━━━ Data records
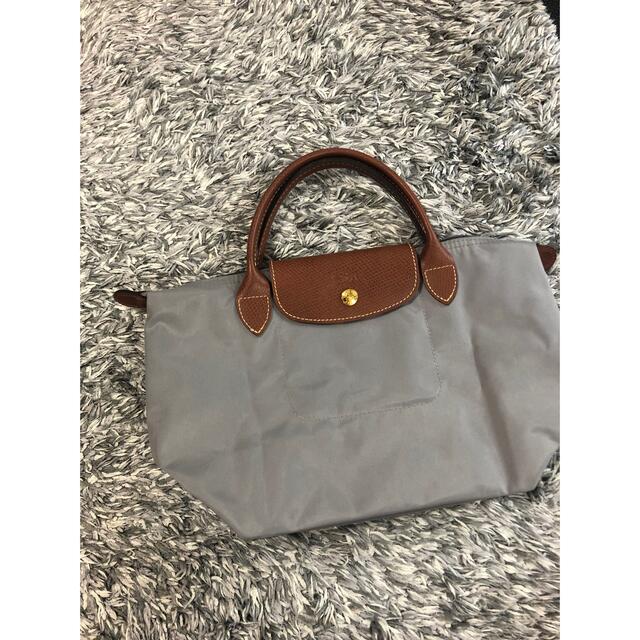 LONGCHAMP(ロンシャン)のロンシャン♡バッグ レディースのバッグ(ハンドバッグ)の商品写真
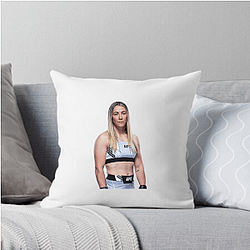 MMA Talent Molly Mccann Pillows Cover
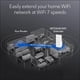 thumbnail image 3 of Extensor de alcance WiFi 7 NETGEAR EXS27 Añade 1500 pies cuadrados (45 dispositivos), 3 of 8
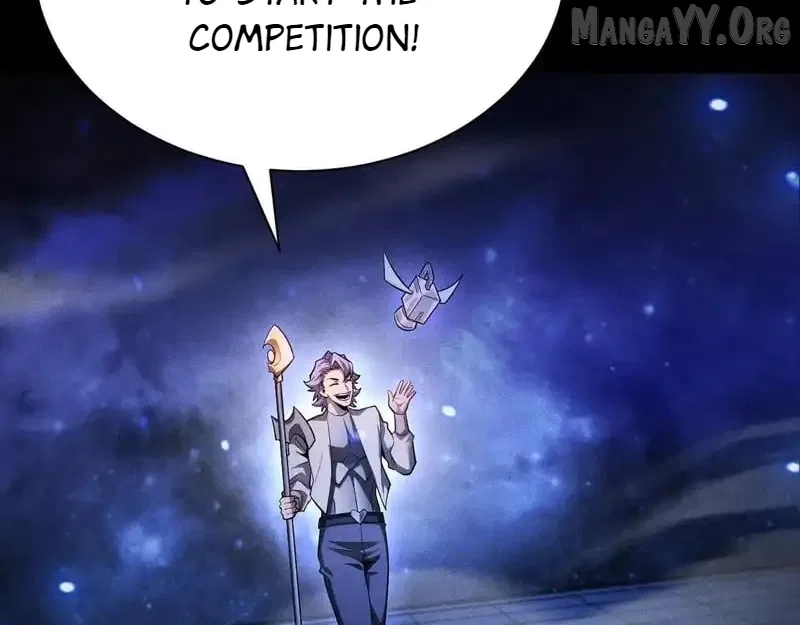 I Awoke as a God After Auto Battling For a Million Years Chapter 57 – Page 6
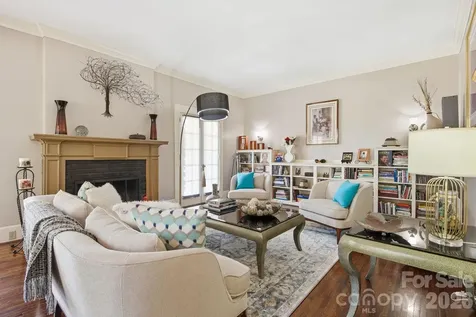 143 W End Street Chester SC 29706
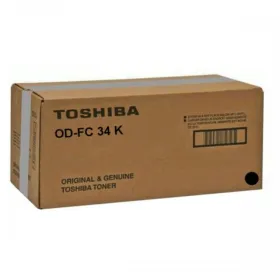 Printeri trummel Toshiba e-Studio 287 347 407 Must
━━━━━━
Exercise details:
The copy you give must run from the line containing "thumbnail image 3" through the last line of the records, exactly, with the pictures left out.

Output of the task:
 thumbnail image 3 of Extensor de alcance WiFi 7 NETGEAR EXS27 Añade 1500 pies cuadrados (45 dispositivos), 3 of 8
 I Awoke as a God After Auto Battling For a Million Years Chapter 57 – Page 6
 143 W End Street Chester SC 29706
 Printeri trummel Toshiba e-Studio 287 347 407 Must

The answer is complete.